Blockade of the renin-angiotensin-aldosterone system (RAAS) is the preferred mechanism of action for controlling hypertension in select groups of patients, including those with diabetic nephropathy and heart failure. Currently, 2 classes of drugs work by blocking the RAAS, albeit by differing mechanisms: angiotensin-converting enzyme (ACE) inhibitors and angiotensin II angiotensin type 1 receptor blockers (ARBs).


The goal of this study was to assess the comparative efficacy and tolerability of the ARB irbesartan and the ACE inhibitor enalapril in patients > or = 65 years of age with mild to moderate hypertension (sitting diastolic blood pressure [DBP], 95 to 110 mm Hg).


Elderly (> or = 65 years of age) patients were recruited from 26 Canadian study centers for a randomized, double-blind, 8-week clinical trial. Exclusion criteria included sitting DBP >110 mm Hg or sitting systolic blood pressure (SBP) >200 mm Hg, angina pectoris, myocardial infarction, cardiac procedure, stroke, or transient ischemic attack within 6 months of randomization, as well as other preexisting or present severe medical or psychologic conditions. Patients were randomly assigned to receive a single daily dose of irbesartan 150 mg (n = 70) or enalapril 10 mg (n = 71) with treatment doses of study drugs doubled at week 4 for sitting DBP > or = 90 mm Hg.

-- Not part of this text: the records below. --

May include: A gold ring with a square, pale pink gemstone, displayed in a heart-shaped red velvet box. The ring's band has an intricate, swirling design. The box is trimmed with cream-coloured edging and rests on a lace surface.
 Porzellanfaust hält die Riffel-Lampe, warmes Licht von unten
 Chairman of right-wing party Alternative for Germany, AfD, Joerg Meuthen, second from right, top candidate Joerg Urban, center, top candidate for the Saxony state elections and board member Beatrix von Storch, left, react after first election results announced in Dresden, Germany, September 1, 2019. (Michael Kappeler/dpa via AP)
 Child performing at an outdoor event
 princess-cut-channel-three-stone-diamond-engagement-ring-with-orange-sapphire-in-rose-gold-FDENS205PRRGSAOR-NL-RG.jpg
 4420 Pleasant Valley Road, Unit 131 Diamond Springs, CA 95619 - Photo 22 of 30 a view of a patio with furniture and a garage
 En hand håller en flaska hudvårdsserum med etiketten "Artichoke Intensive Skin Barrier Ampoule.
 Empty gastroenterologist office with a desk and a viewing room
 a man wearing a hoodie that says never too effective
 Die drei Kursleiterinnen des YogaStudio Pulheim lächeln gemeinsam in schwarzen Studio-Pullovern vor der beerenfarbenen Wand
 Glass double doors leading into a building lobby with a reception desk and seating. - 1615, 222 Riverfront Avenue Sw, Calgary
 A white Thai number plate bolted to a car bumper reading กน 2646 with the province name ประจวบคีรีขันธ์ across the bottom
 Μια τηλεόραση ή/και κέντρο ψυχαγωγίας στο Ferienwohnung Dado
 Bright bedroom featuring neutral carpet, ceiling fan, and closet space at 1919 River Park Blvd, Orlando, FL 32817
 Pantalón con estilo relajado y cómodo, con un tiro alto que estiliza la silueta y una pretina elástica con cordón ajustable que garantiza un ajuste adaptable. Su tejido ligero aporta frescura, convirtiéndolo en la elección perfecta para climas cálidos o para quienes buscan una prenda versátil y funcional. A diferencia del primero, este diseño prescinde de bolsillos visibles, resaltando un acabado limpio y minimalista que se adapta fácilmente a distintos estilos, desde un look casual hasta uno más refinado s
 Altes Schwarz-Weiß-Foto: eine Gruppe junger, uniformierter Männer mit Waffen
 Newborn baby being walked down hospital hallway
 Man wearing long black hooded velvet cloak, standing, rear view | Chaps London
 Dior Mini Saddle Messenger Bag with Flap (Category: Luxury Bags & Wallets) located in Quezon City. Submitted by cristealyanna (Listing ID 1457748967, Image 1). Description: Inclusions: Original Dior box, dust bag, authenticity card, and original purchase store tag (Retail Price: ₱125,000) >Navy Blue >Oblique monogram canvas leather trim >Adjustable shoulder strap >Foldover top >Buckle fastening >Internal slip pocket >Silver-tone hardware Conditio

Reductions from baseline blood pressure measurements at trough (24 +/- 3 hours after the last dose of medication) were assessed for sitting DBP and sitting SBP. Comparative tolerability to study drugs was also assessed.


The intent-to-treat analysis demonstrated similar reductions at week 8 in both DBP and SBP for both groups. For the primary efficacy analysis of sitting DBP, there was a mean reduction from baseline of 9.6 mm Hg and 9.8 mm Hg for the irbesartan and enalapril groups, respectively (P = 0.93). The mean reduction from baseline in sitting SBP was 10.1 mm Hg and 11.6 mm Hg for the irbesartan and enalapril groups, respectively (P = 0.54). Normalization rates (sitting DBP <90 mm Hg) at week 8 did not differ between groups (52.9% in the irbesartan group and 54.9% in the enalapril group; P = 0.81). No statistical difference existed between the 2 groups with respect to serious adverse events or discontinuations due to adverse events. Irbesartan was associated with a significantly lower incidence of cough than was enalapril (4.3% vs 15.5%, respectively; P = 0.046).


Irbesartan is an effective and well-tolerated antihypertensive for elderly patients with mild to moderate hypertension. This study establishes that irbesartan has better tolerability than enalapril with respect to cough and suggests that irbesartan is as effective at lowering blood pressure but better tolerated than an ACE inhibitor in hypertensive patients > or = 65 years of age.